(Stored items)
....

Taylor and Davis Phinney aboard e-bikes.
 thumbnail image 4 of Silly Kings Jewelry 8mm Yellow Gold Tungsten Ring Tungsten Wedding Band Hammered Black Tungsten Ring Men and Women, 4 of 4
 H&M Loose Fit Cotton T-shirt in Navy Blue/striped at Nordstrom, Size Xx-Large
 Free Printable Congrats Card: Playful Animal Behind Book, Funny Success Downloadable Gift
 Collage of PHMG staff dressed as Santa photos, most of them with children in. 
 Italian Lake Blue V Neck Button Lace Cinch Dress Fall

....

What you need to do: Every line that contains "Blue" should be copied out of the data.

Answer to this exercise:
 H&M Loose Fit Cotton T-shirt in Navy Blue/striped at Nordstrom, Size Xx-Large
 Italian Lake Blue V Neck Button Lace Cinch Dress Fall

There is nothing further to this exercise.